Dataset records
..........

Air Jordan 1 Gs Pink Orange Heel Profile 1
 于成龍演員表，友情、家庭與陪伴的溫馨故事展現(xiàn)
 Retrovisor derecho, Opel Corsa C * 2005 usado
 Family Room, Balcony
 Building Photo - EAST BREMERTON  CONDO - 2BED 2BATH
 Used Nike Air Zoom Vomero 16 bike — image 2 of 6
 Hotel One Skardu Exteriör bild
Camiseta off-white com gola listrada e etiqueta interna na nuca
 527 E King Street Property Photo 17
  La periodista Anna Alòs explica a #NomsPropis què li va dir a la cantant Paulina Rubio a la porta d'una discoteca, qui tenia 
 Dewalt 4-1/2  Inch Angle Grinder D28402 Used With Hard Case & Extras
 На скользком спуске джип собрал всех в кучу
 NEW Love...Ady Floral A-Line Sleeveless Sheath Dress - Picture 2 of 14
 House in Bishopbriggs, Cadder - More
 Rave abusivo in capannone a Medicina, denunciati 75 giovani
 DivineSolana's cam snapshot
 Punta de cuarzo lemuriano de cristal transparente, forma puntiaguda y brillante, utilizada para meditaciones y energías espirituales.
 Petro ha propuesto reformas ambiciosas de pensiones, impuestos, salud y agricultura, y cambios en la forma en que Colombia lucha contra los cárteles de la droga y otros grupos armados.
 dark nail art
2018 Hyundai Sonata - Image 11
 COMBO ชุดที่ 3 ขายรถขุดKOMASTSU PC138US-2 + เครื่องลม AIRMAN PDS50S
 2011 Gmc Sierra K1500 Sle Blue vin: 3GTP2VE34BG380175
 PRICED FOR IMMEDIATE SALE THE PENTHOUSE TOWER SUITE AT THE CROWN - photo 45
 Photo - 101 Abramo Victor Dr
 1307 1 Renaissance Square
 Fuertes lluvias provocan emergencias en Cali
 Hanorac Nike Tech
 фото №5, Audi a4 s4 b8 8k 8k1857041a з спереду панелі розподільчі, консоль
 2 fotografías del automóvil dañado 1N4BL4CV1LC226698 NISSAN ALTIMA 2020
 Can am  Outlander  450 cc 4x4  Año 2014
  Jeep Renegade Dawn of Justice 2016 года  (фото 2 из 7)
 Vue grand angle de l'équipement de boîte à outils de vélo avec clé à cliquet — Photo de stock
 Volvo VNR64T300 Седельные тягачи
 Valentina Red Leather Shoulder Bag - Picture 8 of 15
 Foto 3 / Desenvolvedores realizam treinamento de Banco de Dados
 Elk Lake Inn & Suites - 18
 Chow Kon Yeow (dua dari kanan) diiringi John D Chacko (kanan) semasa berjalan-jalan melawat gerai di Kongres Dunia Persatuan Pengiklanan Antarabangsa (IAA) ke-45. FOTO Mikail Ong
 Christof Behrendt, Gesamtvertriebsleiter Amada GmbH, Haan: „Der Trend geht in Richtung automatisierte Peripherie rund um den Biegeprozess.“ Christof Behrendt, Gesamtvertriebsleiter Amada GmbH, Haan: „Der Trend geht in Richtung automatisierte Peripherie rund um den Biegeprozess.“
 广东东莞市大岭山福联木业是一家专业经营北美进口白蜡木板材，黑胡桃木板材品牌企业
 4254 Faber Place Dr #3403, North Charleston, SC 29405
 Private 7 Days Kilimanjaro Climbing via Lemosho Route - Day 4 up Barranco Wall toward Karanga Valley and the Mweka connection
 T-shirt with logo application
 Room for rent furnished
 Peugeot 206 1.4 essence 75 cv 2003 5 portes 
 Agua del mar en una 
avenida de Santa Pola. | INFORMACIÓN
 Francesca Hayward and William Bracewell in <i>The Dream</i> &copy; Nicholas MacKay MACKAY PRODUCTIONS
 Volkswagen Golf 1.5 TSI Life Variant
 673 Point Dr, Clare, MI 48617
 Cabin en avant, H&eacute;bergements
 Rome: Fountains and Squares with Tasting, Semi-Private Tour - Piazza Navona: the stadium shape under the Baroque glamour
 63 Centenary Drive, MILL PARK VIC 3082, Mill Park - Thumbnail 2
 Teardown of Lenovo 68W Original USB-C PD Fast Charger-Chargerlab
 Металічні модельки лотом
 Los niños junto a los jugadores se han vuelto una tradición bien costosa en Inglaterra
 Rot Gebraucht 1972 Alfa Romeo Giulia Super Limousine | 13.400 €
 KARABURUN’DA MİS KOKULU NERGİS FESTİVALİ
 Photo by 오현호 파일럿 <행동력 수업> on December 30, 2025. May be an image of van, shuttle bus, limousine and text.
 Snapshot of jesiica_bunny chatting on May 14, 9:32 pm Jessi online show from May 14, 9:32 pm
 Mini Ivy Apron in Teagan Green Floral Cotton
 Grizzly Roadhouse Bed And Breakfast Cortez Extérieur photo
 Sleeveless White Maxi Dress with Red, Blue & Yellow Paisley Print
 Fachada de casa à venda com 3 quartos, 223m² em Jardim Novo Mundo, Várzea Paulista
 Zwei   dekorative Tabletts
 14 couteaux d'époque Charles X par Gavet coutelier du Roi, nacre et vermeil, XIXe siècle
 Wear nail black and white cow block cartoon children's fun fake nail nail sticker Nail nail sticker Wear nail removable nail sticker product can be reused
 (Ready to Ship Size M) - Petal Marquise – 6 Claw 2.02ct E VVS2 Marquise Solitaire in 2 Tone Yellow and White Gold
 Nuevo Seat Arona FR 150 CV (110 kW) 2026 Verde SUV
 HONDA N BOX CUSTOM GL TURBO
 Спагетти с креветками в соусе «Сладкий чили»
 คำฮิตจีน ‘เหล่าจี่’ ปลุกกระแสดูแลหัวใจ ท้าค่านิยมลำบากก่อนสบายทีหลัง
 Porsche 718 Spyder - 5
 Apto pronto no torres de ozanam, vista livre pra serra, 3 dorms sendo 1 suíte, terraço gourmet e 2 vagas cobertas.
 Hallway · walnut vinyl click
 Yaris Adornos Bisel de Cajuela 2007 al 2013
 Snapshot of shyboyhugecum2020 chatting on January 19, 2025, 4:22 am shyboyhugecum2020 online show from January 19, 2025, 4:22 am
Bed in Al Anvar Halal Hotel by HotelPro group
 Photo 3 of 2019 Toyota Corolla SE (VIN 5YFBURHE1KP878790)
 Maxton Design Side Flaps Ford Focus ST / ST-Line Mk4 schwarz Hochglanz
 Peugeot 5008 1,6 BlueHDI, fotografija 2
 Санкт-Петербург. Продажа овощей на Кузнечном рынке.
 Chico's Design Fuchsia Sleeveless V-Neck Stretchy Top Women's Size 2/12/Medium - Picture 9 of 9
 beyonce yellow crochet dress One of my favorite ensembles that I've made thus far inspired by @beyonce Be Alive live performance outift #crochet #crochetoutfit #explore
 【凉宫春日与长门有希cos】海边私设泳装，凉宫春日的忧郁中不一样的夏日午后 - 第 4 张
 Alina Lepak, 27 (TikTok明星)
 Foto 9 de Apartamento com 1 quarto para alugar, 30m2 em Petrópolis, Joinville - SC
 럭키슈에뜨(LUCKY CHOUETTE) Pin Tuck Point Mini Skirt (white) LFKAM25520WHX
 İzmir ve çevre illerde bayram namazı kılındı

..........

In the entries above, locate every line with the word "Mini" and copy it.

REPLY TO THE TASK:
 Mini Ivy Apron in Teagan Green Floral Cotton
 럭키슈에뜨(LUCKY CHOUETTE) Pin Tuck Point Mini Skirt (white) LFKAM25520WHX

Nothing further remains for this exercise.